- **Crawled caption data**
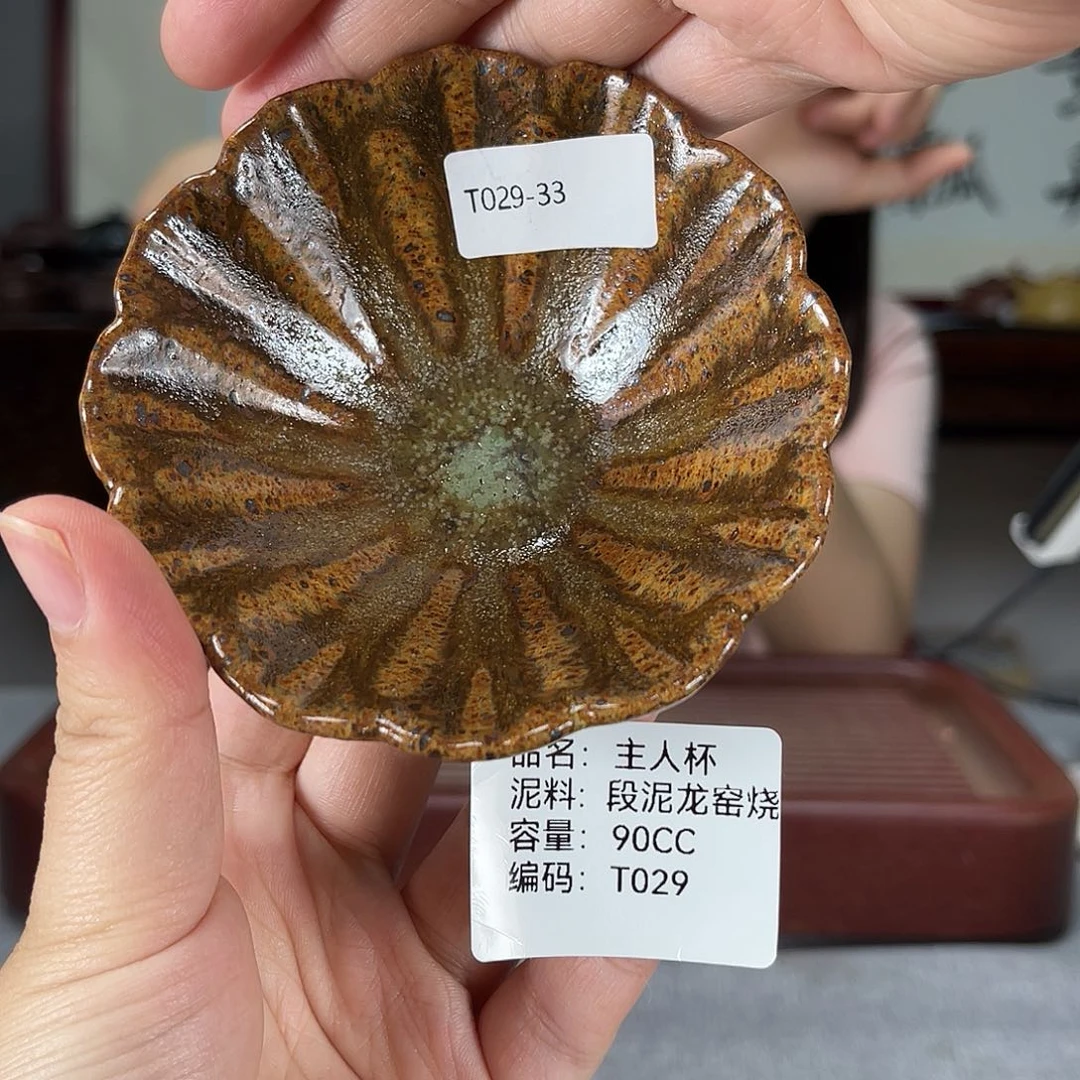 茶壶紫砂方圆紫砂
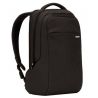 Incase Icon Lite Pack (Graphite)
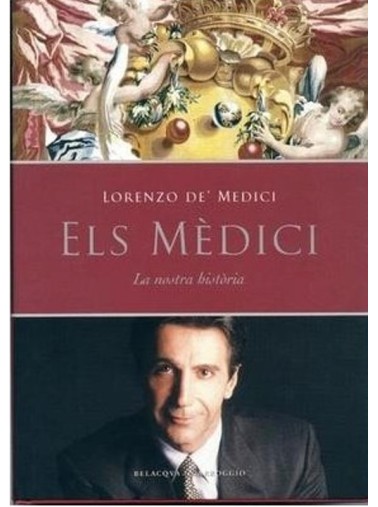 Els medici (en catalán)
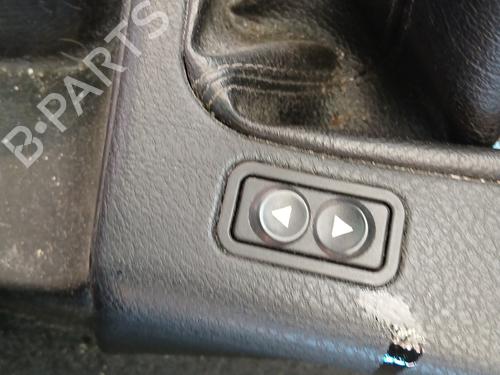 Used Right front window switch Right front window switch FIAT COUPE (175_) 2.0 20V (154 hp) 29303692 29303692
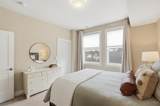 2711 Hyde Park Avenue - Photo 39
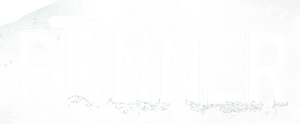The Runner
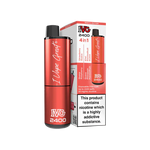 Load image into Gallery viewer, IVG 2400 Guava Edition IVG 2400 Disposable Device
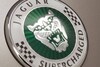 Jaguar XKR-S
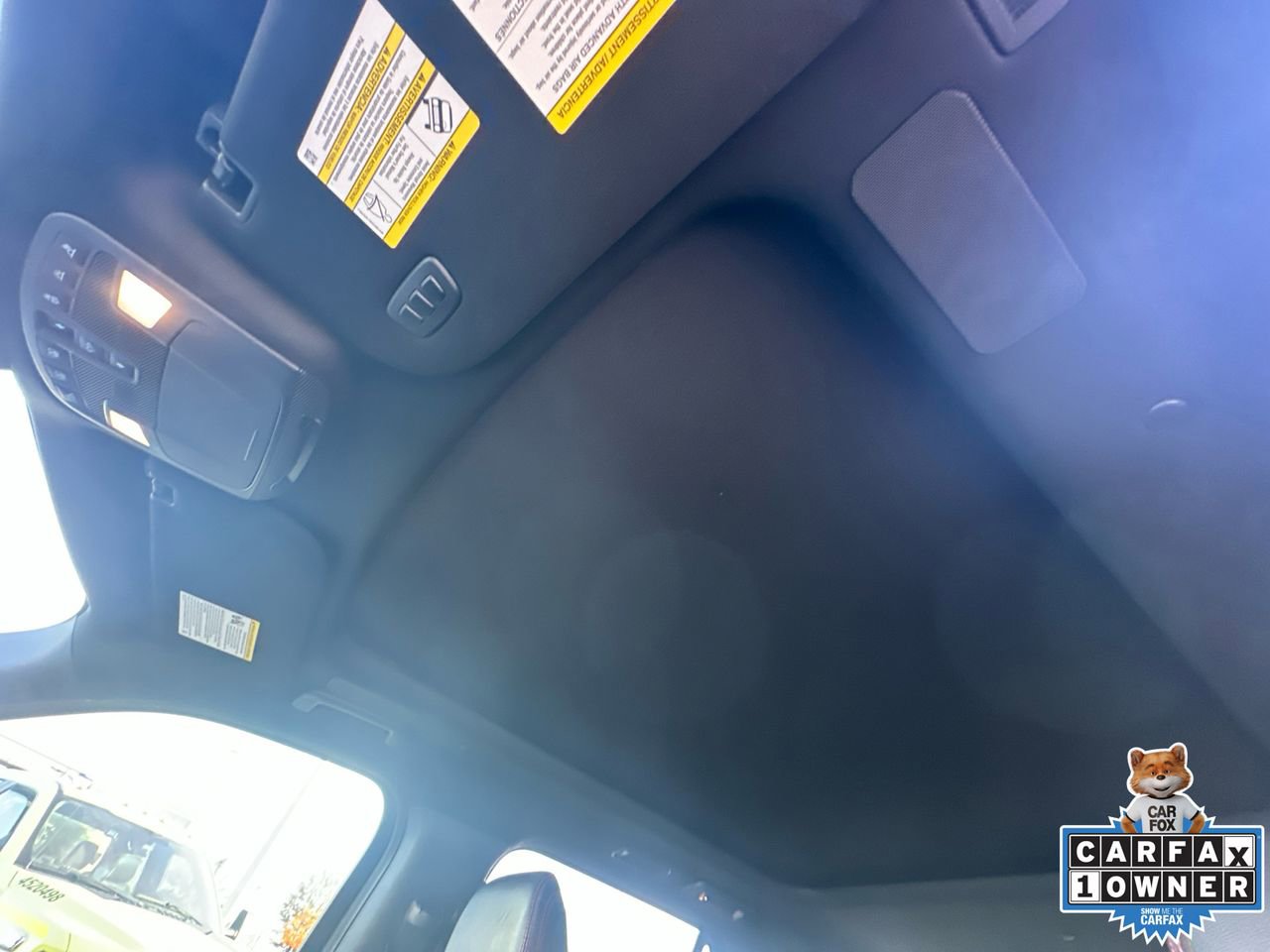 Used 2022 Ford Expedition Limited image 32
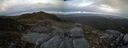 ./images/calvert/buxton1/20140414/buxton120140414_072002M.jpg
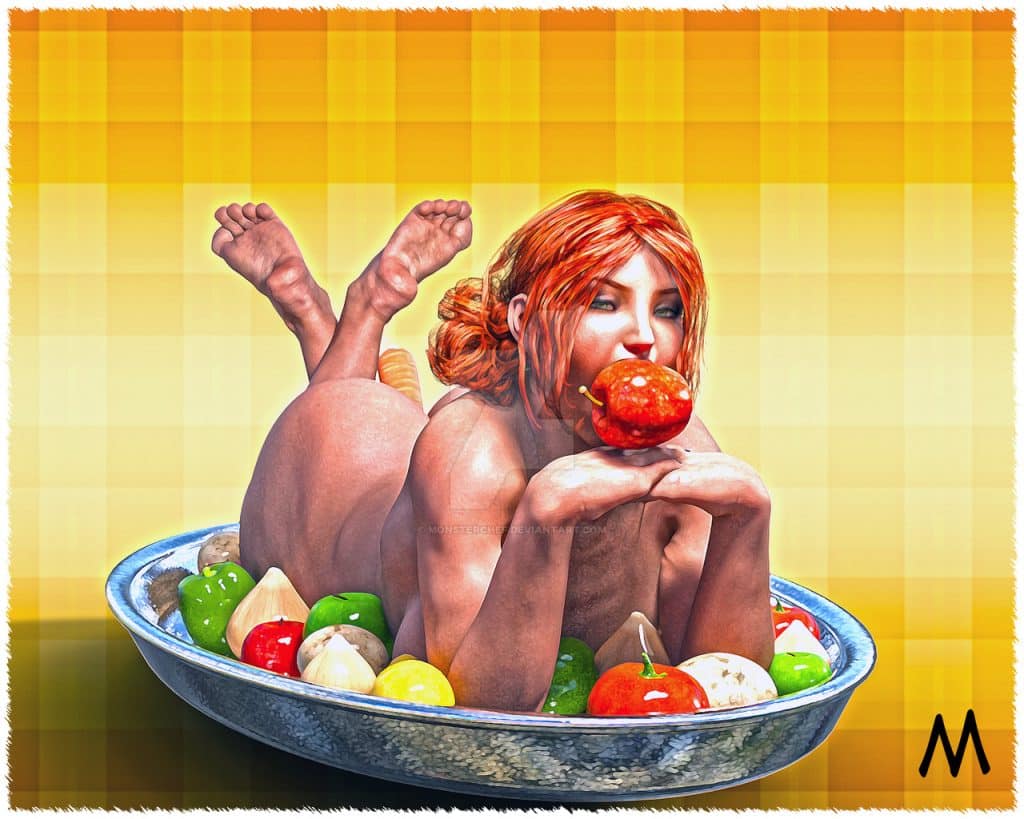 ARTIST-MonsterChef_096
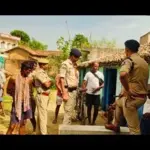 खगड़िया में इलेक्ट्रॉनिक्स मिस्त्री की संदिग्ध परिस्थितियों में मौत, दुकान से मिला शव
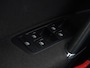 Volkswagen Golf 1.0 TSI Comfortline Excecutive | Navi | Apple Carplay/Android Auto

- **BRIEF**
Nothing outside the stretch above, from the line with "Els medici (en catalán)" through the line with "Jaguar XKR-S", is set down. Transcribe that stretch exactly, ends included, but not its pictures.

- **EXERCISE ANSWER**
 Els medici (en catalán)
 Used Right front window switch Right front window switch FIAT COUPE (175_) 2.0 20V (154 hp) 29303692 29303692
 2711 Hyde Park Avenue - Photo 39
The Runner
 Load image into Gallery viewer, IVG 2400 Guava Edition IVG 2400 Disposable Device
 Jaguar XKR-S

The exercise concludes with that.